User-directed memory exclusion can dramatically reduce the size of
sequential and incremental checkpoint files, but it must be used very
carefully.  If a live region of memory is mistakenly excluded from a
checkpoint, then a subsequent failure and recovery can cause an
otherwise correct application to fail or to generate incorrect
results.  

3.2 Synchronous Checkpointing}

In the previous section we discuss a mechanism for optimizing
asynchronous checkpointing by excluding certain areas of memory.
This allows the checkpointer to make use of data lifetime information
which would not otherwise be available to it.  However, the amount of
data which can be excluded from the checkpoint is determined by the
program's state when the checkpoint is taken.  If the stack is large,
or the size of excluded memory is small, then memory exclusion will
have little effect. 

Synchronous checkpointing is a user directive that allows the
programmer to specify points in the program where it is most
advantageous for checkpointing to occur.  These are called
``synchronous'' checkpoints because they are not initiated by timer
interrupts.  Synchronous checkpoints should be inserted by the
programmer at points where memory exclusion can have the greatest
effect.  

    checkpoint_here() is a procedure call specifying where a
    synchronous checkpoint can be taken.  

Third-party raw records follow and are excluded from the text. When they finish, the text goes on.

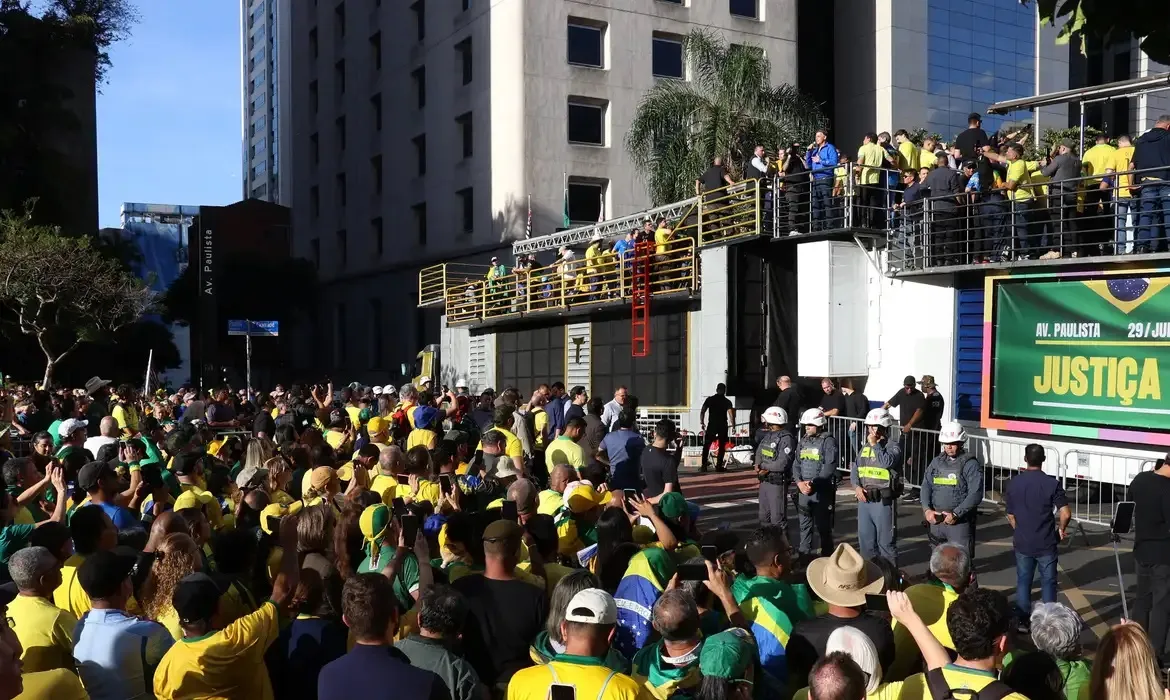 Ato em SP reúne apoiadores de Bolsonaro contra julgamento no STF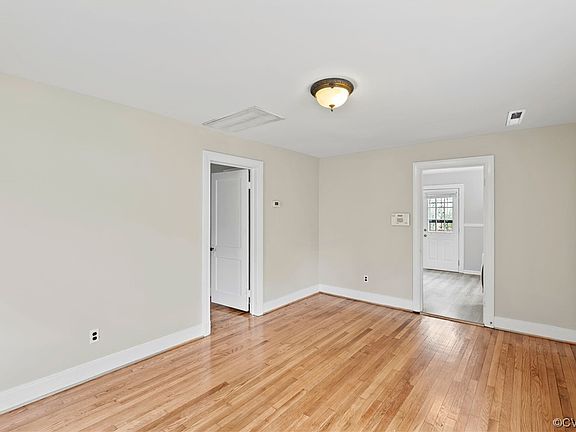 3rd image of 1904 Winder St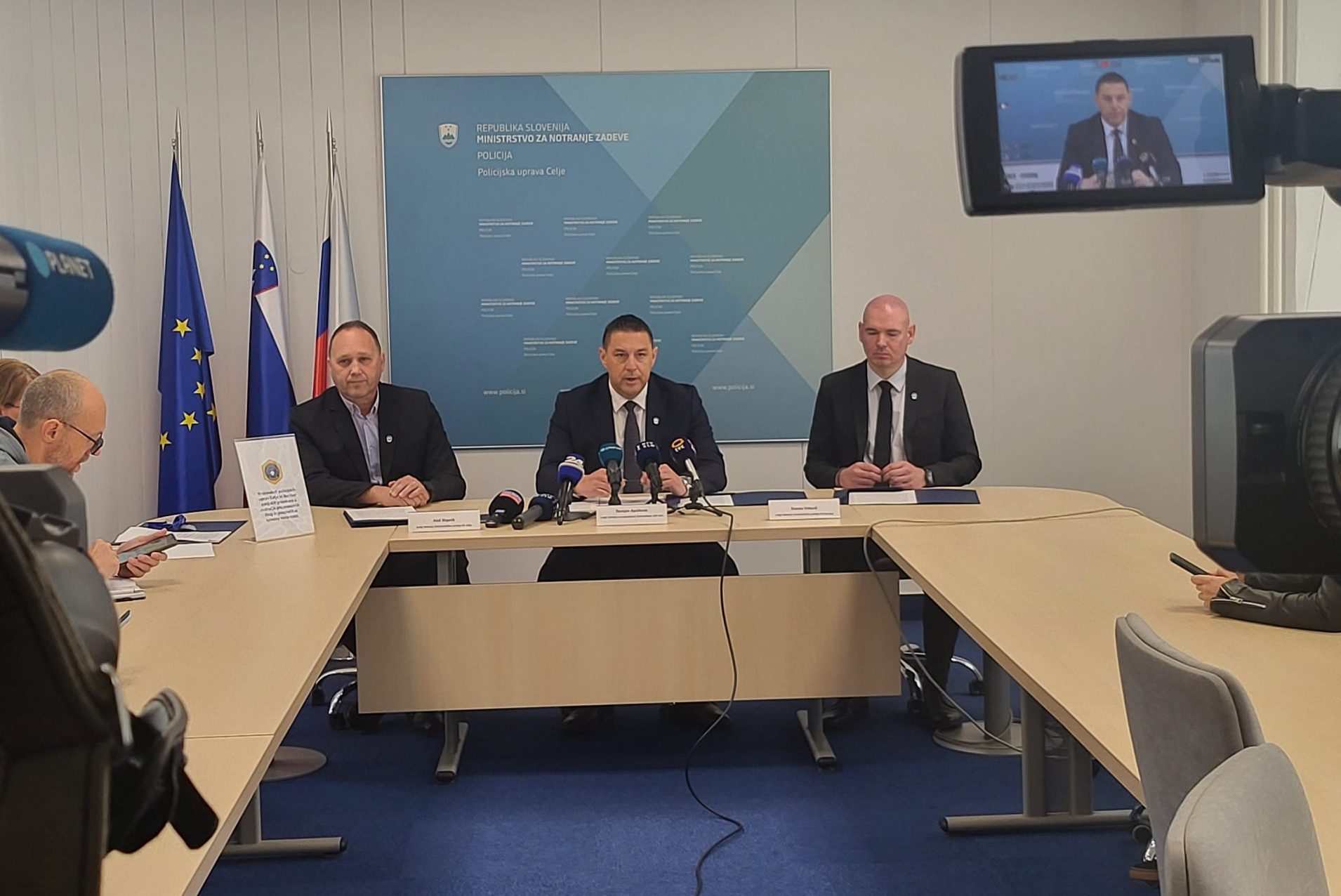 Zaključena preiskava kriminalne združbe, ki je ustrahovala tudi z uporabo eksploziva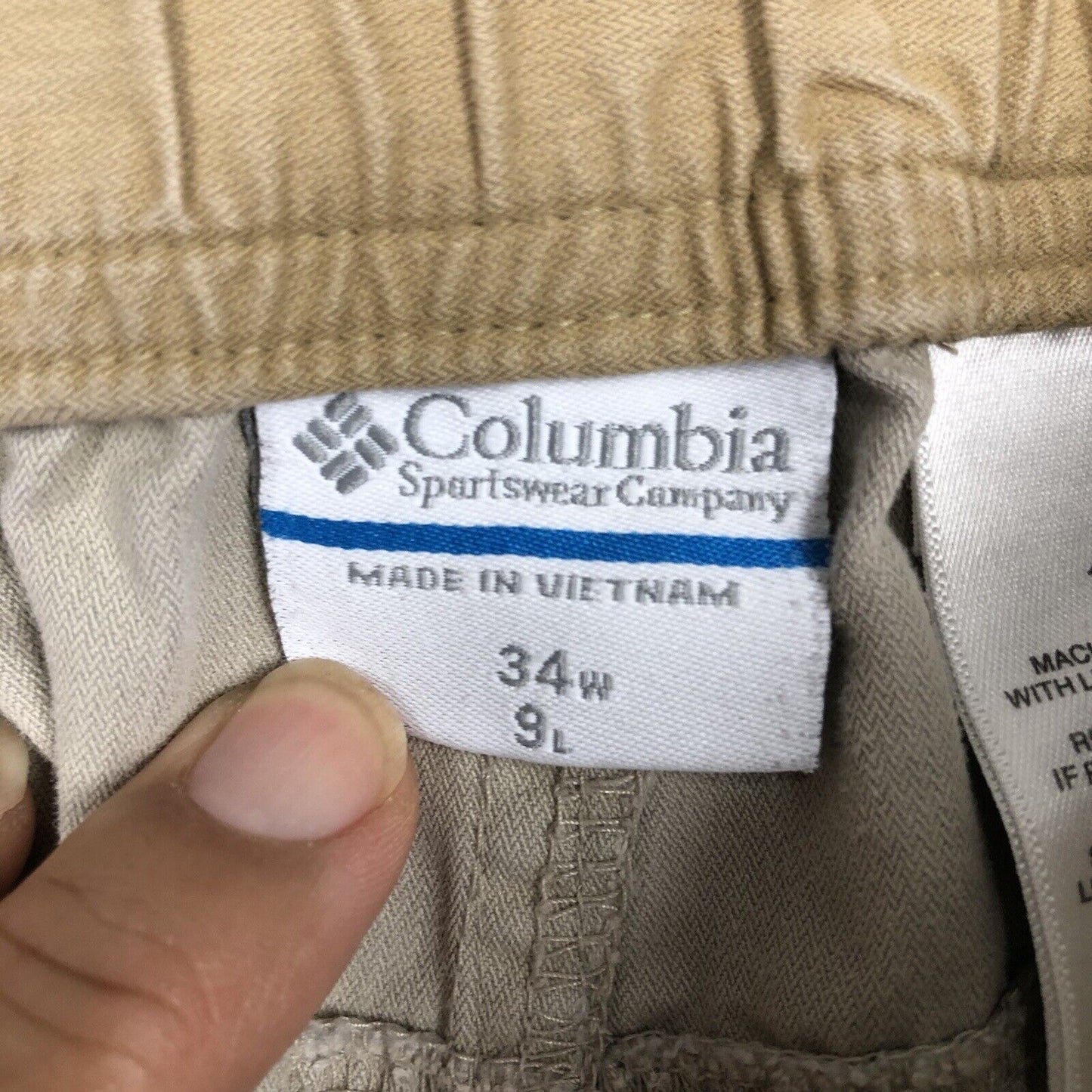 Columbia Men’s Cargo Shorts Size 36W Color Beige Outdoor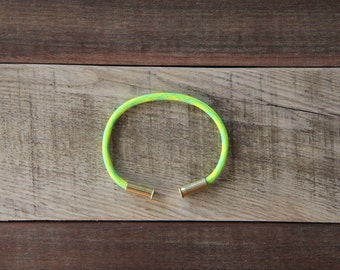 BRZN Bullet Casing Bracelet Slimer Camo recycled .22lr shells neon green neon yellow camo 550 paracord wire men women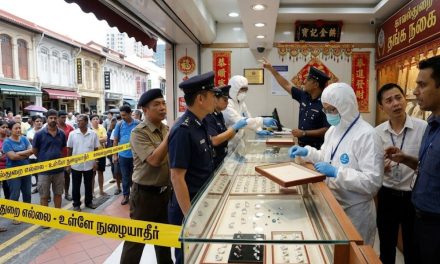 “சிங்கை சைனாடவுன் நகை கடை”.. 2.35 லட்சம் வெள்ளி மதிப்பிலான வைரம் திருட்டு.. சாங்கியில் பிடிபட்ட இருவர்..!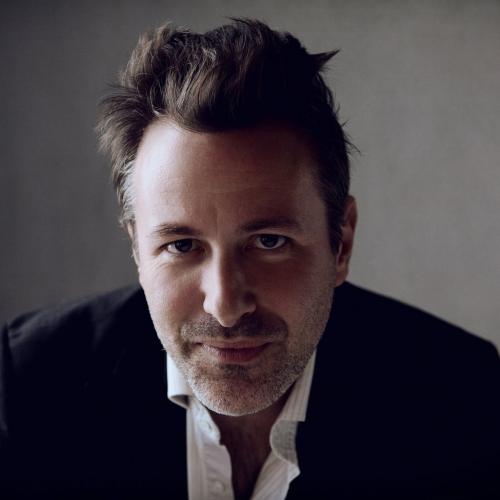 Davide Enia torna finalmente a teatro con un nuovo racconto sui naufragi individuali e collettivi del nostro tempo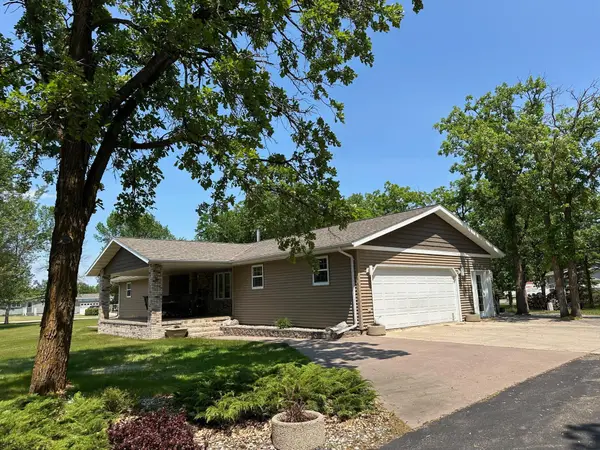 102 Colony Drive S, Karlstad, MN 56732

Synchronous checkpoints may be placed in program locations that are
reached often.  Checkpointing too often, however, can lead to poor
performance, and in order to avoid this libckpt allows a minimum
interval between checkpoints to be specified.  

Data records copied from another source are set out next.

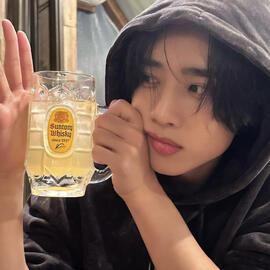 byeong 🍸 , any prns + terms . homosexual , panromantic sub!verse top!lean . ss , taken .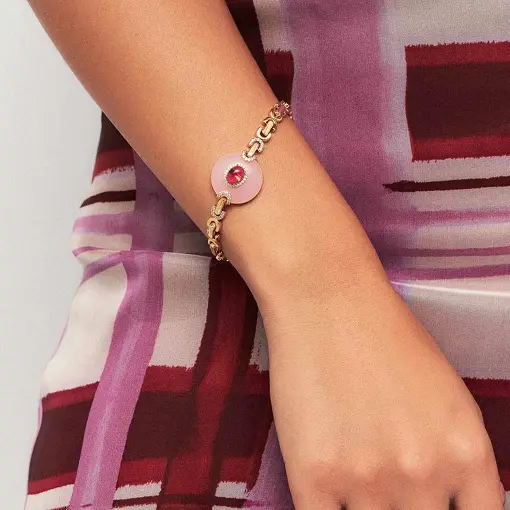 PULSEIRA COM PINGENTE REDONDO BANHADA A OURO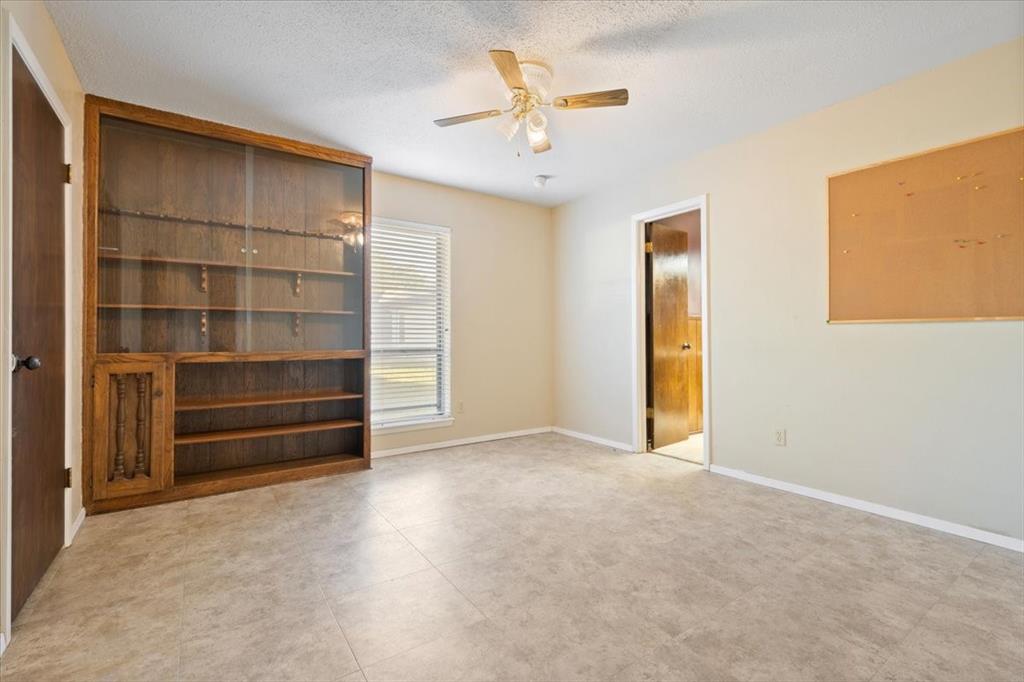 105 Riverside Drive Mineral Wells, TX 76067 - Photo 24 of 40 Bedroom #3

    ``mintime <seconds>'' specifies the minimum period of time that
    must pass between checkpoints.  The default is zero.  If mintime
    seconds have not passed since the previous checkpoint, then
    checkpoint_here() calls are ignored.  

Synchronous and asynchronous checkpointing techniques can complement
one another.  If maxtime seconds have passed and no synchronous
checkpoint has been taken since the last checkpoint, then an
asynchronous checkpoint is still taken.  However, the effect of
memory exclusion is likely not to be as beneficial as in a
synchronous checkpoint.  If both the mintime and maxtime parameters
are set, then the former specifies the minimum interval between
synchronous checkpoints, and the latter specifies an interval after
which an asynchronous checkpoint will be taken.  Whenever a
checkpoint is taken, both the minimum and maximum interval timers are
reset. 

If maxtime is zero, then asynchronous checkpoints are disabled.  In
this case the specification of memory exclusion can be optimized for
synchronous checkpoints, because there is no danger of asynchronous
checkpoints being taken.  

3.3 An Example

There are many examples where user-directed, synchronous
checkpointing can yield large performance gains.  Consider the
program in Figure 1.  This is a typical driver program for many kinds
of programs that repeat calculations over numerous points in a data
set.  Figure 2 shows how one can checkpoint this program with
synchronous, user-directed checkpointing in libckpt.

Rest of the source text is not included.